Wednesday, July 27, 2011

Consolations


I'm still sad that Amy Winehouse (pictured above), died last weekend at age 27. Many people reacted to her death saying, "Is it a surprise? No! She was a train wreck!"
I'm appalled by such dismissive attitudes. A death doesn't have to be shocking to be unfortunate and tragic. She was young. She was talented. She never seemed to be able to conquer her demons.
Of course, I'm sad! 
I've been thinking of Amy and the many beliefs or truisms I've been questioning lately. I think it's easy to blame what we cannot control for the crappy things that happen in our lives, but to me, that's a cop-out.
Life is it what it is. It's up to you to make the most of it.
I'm most disappointed with myself when I fail to do the best I can. I'm not perfect and I don't always push myself as hard as I should, so therefore, I've dealt with a lot of disappointment in my life. Then there are events or situations that are disappointing even if I didn't cause them.
Juan sent me a text today saying that he didn't think he was the best partner for me and that he feels like timing was against us. Well, if the first part is true, then what does timing have to do with anything? Also, blaming timing is like blaming the weather — you're just masking or deflecting from the truth.Why do people discuss the weather? Because they don't have anything real to say or want to say anything real.
And as far as the "best partner" reference, I sadly would have to agree. The best partner for me is someone who is not going to give up on me and will consistently love me, which of course, he wasn't willing to do.
My relationship with him did, however, teach me a myriad of lessons — many of which I'm still uncovering.
The lessons are my consolations.

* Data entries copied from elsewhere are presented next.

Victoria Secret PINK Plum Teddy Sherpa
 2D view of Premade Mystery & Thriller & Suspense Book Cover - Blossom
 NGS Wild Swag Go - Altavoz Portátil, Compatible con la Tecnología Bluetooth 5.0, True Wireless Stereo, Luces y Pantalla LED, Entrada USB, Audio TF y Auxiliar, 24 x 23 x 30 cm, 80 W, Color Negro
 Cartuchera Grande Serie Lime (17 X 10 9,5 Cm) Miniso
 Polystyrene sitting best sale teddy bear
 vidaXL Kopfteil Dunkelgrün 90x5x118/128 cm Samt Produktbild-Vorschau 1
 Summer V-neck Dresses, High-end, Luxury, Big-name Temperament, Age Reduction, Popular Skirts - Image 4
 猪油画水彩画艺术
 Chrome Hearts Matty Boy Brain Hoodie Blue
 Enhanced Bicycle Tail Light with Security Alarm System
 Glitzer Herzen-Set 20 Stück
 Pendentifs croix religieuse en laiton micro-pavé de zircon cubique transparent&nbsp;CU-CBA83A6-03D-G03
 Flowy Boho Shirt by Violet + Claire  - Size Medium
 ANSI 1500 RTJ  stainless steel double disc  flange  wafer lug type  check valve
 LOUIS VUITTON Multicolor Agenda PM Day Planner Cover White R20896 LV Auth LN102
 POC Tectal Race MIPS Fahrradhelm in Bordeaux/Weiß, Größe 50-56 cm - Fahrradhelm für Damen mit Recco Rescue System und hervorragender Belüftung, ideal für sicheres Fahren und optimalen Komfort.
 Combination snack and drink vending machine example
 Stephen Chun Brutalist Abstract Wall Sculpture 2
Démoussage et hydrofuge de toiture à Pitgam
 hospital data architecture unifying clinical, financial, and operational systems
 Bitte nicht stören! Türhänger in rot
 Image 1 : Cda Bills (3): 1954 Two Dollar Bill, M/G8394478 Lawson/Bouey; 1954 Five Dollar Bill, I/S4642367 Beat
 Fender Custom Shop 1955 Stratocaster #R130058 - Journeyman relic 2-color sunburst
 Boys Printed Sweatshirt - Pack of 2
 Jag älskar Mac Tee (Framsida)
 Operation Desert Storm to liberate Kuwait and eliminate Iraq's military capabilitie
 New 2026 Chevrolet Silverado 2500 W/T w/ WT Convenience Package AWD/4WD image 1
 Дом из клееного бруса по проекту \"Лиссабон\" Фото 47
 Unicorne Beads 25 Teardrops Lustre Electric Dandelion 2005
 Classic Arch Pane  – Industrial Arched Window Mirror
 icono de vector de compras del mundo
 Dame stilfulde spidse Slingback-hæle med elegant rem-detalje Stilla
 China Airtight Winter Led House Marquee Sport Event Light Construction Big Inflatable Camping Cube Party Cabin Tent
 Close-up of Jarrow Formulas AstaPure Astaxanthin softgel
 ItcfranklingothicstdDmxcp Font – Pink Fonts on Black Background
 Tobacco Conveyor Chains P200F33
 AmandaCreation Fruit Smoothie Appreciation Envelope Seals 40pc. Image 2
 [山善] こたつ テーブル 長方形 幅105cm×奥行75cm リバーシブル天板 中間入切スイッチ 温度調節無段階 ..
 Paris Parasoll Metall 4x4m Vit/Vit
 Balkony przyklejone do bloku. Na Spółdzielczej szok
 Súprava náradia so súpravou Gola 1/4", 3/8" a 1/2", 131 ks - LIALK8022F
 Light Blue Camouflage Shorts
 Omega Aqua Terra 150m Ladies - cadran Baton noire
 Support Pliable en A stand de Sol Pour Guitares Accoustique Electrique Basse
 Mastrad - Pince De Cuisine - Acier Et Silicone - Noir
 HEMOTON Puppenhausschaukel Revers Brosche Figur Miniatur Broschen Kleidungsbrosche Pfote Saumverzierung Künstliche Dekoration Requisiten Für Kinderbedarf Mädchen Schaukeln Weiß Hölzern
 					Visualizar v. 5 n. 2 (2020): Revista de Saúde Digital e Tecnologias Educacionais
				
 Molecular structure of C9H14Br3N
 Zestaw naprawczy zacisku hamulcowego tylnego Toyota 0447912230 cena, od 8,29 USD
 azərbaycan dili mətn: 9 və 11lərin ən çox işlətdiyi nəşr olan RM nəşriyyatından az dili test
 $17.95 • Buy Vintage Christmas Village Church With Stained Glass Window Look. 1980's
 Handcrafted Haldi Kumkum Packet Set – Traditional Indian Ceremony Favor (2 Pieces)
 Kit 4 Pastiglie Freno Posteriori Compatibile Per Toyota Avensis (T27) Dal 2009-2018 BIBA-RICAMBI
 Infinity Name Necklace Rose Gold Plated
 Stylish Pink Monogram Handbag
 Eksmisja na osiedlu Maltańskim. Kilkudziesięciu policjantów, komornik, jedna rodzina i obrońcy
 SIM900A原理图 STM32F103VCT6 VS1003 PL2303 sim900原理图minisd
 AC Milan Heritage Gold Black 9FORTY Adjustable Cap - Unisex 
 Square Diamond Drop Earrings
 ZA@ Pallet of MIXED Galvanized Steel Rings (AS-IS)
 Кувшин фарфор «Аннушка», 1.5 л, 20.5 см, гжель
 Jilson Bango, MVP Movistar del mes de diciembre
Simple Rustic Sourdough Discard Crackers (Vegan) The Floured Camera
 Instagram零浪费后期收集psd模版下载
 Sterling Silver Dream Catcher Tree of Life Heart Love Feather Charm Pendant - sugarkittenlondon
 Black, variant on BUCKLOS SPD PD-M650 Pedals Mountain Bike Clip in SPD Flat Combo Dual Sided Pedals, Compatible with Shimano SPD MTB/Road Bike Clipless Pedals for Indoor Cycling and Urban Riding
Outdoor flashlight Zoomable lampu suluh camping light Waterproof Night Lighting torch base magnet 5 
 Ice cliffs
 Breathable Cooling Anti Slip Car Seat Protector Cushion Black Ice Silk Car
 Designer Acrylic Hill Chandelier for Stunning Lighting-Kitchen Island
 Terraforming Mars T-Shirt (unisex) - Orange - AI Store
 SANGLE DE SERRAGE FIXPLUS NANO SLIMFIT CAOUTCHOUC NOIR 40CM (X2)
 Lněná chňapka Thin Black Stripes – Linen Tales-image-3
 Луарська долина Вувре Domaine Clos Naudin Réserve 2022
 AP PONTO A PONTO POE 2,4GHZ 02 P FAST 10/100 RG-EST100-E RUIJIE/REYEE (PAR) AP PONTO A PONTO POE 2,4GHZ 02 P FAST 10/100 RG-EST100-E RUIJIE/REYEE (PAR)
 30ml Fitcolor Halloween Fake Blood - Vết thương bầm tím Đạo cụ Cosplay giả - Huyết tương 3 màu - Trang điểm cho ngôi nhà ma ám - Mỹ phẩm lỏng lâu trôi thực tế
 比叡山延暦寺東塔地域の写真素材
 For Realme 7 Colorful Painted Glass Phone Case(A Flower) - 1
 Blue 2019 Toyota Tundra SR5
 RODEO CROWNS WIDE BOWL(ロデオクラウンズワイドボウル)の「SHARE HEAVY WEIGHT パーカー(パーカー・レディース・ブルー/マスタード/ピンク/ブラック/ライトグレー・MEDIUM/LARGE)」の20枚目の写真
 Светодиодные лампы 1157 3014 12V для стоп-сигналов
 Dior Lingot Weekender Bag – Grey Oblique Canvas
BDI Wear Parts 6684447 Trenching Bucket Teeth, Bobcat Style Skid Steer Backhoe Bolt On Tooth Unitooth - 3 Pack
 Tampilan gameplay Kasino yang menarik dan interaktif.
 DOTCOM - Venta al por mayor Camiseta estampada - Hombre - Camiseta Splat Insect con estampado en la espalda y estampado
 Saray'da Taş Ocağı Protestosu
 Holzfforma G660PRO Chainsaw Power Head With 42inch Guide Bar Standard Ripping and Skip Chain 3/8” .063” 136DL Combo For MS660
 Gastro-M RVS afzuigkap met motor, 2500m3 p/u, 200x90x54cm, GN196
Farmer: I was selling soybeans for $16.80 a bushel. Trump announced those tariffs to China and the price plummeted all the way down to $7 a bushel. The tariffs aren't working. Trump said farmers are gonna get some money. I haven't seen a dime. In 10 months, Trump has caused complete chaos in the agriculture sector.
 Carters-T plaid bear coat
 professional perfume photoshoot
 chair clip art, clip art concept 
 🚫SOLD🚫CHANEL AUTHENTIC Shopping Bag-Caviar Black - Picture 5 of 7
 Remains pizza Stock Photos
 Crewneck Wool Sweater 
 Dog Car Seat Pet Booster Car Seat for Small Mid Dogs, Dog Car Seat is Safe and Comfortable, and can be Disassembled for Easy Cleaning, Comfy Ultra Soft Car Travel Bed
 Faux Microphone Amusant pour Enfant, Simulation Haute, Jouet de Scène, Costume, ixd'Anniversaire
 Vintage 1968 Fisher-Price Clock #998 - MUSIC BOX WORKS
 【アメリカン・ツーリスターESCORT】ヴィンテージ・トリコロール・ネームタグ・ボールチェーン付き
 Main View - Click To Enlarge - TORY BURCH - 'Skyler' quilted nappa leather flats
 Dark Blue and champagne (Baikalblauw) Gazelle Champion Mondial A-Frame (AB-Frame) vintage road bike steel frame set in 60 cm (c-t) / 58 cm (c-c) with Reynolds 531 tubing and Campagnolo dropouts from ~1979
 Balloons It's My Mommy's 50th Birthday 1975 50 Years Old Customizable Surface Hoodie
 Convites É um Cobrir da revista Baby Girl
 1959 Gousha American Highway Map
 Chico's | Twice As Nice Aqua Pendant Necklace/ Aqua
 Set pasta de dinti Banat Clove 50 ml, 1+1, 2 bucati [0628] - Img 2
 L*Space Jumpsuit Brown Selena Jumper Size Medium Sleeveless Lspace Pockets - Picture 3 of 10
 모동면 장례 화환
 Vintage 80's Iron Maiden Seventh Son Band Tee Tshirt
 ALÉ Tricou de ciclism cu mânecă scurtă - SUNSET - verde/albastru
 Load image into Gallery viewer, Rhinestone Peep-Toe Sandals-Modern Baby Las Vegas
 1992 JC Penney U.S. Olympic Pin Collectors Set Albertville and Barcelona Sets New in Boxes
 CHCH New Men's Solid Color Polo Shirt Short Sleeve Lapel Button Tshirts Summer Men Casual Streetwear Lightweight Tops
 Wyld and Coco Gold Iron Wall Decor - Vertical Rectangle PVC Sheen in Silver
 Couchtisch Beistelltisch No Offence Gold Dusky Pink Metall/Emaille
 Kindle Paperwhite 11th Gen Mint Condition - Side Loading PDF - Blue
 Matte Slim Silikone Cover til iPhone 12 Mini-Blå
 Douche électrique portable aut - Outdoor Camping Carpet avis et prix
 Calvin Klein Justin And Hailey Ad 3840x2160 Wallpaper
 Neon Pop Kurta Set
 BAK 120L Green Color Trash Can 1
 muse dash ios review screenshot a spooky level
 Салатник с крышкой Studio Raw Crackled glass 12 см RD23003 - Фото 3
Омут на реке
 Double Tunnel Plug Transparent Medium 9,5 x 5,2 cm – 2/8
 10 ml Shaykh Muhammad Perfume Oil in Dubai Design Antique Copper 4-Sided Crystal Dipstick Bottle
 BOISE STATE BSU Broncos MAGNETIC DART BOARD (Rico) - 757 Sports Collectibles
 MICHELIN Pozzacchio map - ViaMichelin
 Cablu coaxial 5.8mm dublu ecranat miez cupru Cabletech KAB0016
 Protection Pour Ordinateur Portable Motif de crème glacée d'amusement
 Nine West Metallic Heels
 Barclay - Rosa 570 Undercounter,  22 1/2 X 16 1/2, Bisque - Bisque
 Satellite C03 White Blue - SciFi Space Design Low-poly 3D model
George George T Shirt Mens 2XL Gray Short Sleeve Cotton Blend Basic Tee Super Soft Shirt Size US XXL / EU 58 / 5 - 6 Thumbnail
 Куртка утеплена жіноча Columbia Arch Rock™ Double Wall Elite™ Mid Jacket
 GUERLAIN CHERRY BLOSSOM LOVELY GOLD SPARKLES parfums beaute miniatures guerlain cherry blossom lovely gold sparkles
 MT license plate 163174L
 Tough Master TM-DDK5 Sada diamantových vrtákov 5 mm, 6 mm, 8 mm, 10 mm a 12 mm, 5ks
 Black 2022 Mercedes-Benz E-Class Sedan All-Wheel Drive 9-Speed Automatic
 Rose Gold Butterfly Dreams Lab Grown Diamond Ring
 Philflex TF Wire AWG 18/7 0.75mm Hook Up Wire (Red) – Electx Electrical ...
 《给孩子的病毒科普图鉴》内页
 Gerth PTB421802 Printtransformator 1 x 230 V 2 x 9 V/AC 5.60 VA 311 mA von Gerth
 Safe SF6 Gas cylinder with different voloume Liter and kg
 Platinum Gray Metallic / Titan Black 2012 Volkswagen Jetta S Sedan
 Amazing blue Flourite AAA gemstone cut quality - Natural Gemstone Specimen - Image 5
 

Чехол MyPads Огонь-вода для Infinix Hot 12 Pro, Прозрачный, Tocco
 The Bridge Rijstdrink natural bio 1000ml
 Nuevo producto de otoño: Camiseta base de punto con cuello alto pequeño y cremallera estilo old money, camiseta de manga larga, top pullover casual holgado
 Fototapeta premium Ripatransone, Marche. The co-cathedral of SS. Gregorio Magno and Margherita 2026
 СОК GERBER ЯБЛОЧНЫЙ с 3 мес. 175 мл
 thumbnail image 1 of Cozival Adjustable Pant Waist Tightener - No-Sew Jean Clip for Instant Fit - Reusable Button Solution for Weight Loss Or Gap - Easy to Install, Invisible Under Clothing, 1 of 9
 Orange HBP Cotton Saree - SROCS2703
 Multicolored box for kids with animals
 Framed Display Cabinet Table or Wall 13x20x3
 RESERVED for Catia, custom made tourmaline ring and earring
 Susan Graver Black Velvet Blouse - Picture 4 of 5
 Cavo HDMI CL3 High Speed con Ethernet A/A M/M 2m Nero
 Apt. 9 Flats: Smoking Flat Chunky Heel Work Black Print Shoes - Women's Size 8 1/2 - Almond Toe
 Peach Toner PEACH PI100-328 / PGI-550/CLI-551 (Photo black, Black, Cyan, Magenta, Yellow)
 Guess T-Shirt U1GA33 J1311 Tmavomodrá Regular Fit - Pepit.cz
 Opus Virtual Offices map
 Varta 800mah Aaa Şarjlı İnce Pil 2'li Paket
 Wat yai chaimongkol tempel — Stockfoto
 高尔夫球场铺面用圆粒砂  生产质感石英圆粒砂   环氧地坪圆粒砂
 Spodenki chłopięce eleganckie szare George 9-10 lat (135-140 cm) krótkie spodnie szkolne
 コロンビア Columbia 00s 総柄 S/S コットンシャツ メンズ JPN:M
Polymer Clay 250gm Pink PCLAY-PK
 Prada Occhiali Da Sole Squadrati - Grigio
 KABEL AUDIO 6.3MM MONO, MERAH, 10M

Here's some things I hope to never do again in my life:

  • Avoiding conflict by avoiding difficult communication. If it hurts to ask, you better ask before it gets worse. 
  • Not working harder to constantly improve on the three basic rules of a relationship: communication, communication, communication. There are more rules, but it all starts with being able to communicate.
  • Letting hard feelings fester until it's too late. Like wounds, hurt feelings can grow far worse if you don't treat them right away. 
  • Forgiving someone for the same thing or similar things over and over and expecting them to change. At some point, you have to cut them loose if they are not willing to correct their behavior for good. 
  • Making decisions based on fear instead basing them on accomplishing a goal. Always ask, are you reacting or moving forward?
  • Forgetting to love, respect and honor myself for the sake of someone else. Just like in all aspects of life, you need balance.
  • Losing sight of what matters most to me: God, family, honesty, integrity, love, respect, progress, faith, hope. 
  • Forgetting to hold myself accountable for my actions. I made too many choices without fully considering the consequences. 
  • Failing to establish a clear direction for the relationship. Always have a gameplan, even if you don't stick to it.
And, the final consolation: I still have me. And God. And my family.
For that, and the many lessons I've learned, I'm grateful.
And, as Amy wrote and sang, My tears dry on their own.
Hope you found your heaven, Amy. You are missed.